I just finished reading William Gibson’s essay collection Distrust That Particular Flavor. And towards the end, I ran across a passage that made me realize something: many science fiction writers actually care about technology. The passage was:
Isaac Asimov wrote a whole shelf of novels working out a set of hardwired ethics for intelligent robots, but I never got into them. The tin guys didn’t, by the Sixties, seem to me to be what was interesting in science fiction, and neither did spaceships. It was what made Asimov’s robots intelligent in the first place that would have interested me, had I thought of it, but I didn’t.
Now, I loved Asimov’s Robot stories. And I read them in the mid-to-late 1990s, long after the whole idea of the intelligent robot had been reduced to hokum and after the Information Age had started to demolish all of Golden Age sci-fi’s visions of the future. But that didn’t matter. Although twelve-year-old me probably didn’t think of it this way, the robots functioned for him as a symbol. Not a metaphor, precisely, since there was no explicit comparison between them and something else. Rather, the robots were a symbological consturct that allowed disparate themes like adolescent alienation and underclass resentment and the dialectical struggle and all kinds of other things to be fused together in a variety of interesting ways.
Now I am not going to say that with his fiction William Gibson tries to predict the future. He repeatedly makes the point in his essays that this is what’s trying _not_ to do. At the same time, Gibson clearly thinks that technology is important and I think what he’s trying to do is map out some of the ways in which changing technology affects human nature and society. And that’s awesome. When William Gibson writes, in an offhand way, something like, “all cultural change is essentially technologically driven,” it makes me really happy, because I also believe something like that. But at the same time, I don’t think that I have quite the same interest in technology as Gibson does. Because when he talks about the impact of the Internet and of computers, he writes things like this:
The human species was already in the process of growing itself an extended communal nervous system, and was doing things with it that had previously been impossible: viewing things at a distance, viewing things that had happened in the past, watching dead men talk and hearing their words. What had been absolute limits of the experiential world had in a very real and literal way been profoundly and amazingly altered, extended, changed. And would continue to be. And the real marvel of this was how utterly we took it all for granted.
And that paragraph leaves me very cold. Because it seems to imply that technology has changed something about the experience of living–about what it feels like to be ourselves. And…I don’t think that’s true. I don’t think that the feeling of listening to the top artists in the world produce flawless performances over and over again at our command actually provides any more pleasure than it did, two centuries ago, to gather around your daughter’s piano and hear her croak out a tune. Our peaks and our valleys are fixed. Our emotions remain the same. The only thing that changes are the routes to get there.
In his essays, Gibson seems to write quite a bit about the aesthetic of technology. The way that it transforms people and makes them alien and enables all kinds of strange new behaviors. In particular, he seems to return, again and again, to a kind of isolated obsessiveness–whether it’s Japanese teens locking themselves in their rooms for years; or auteurs making one-person films in which they use digital technology to control every aspect of the movie; or spending hours browsing eBay to swap and trade digital watches–that perhaps feels, to him, like a hallmark of technological culture.
But I’m not really interested in any of that. To me, technology is interesting primarily for the way in which it changes our relationships with each other and our methods of social organization.
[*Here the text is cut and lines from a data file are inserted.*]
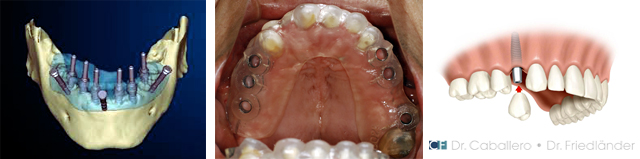 implantes dentales con cirugia no invasiva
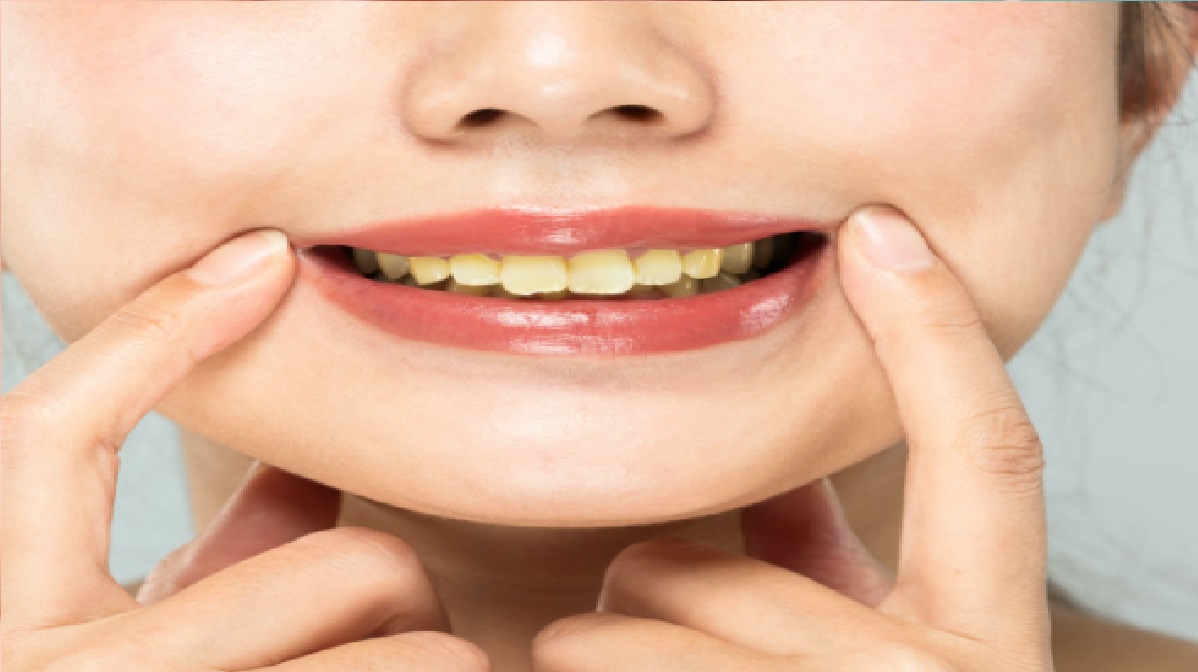 Tips For Healthy Teeth: दांतों पर जम गई है पीली-गाढ़ी परत, जानें कैसे ये लेयर दांतों को कर देती है बर्बाद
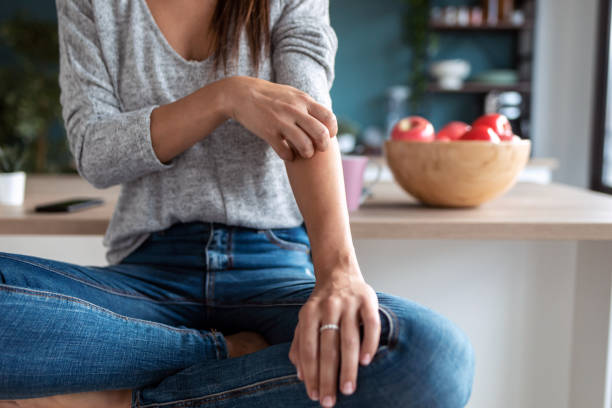 Psoriasis vs Eczema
The classic example (whose truthfulness will probably be forever unknown, of course) is that the car allowed teenagers to get away from their parents and provided them with a second space for private activity and that the combination of these effects resulted in our modern hookup culture. That, to me, is fascinating. It’s people relating to each other in a totally different way than they had previously.
On the other hand, where do I really differ from Gibson in this? It’s still, in some ways, a primarily aesthetic difference. The thrill that teens in the fifties got from making out was probably the same as the thrill that teens in the oughts got from dancing together or that teens in the 18th century got from being sewn up in the bundling bed.
It’s really tempting for someone like me to become very reductionist and conclude that nothing ever really changes. It’s kind of startling to think that the humans who were alive 40,000 years ago were anatomically modern people. If you were to go back in time and bring back one of their babies, he or she could easily grow up to become a computer programmer or a deconstructionist English professor. And if one of them was to reach forward and snatch your kid, then the modern babe would…well…he’d probably annihilate them with all kinds of futuristic diseases. But if that didn’t happen, then he’d fit right in as he ran across the savannah and flung his spear at the antelope.
Maybe it all does come down to window-dressing. But the window-dressing that I find aesthetically appealing is very different from the window-dressing that Gibson finds appealing.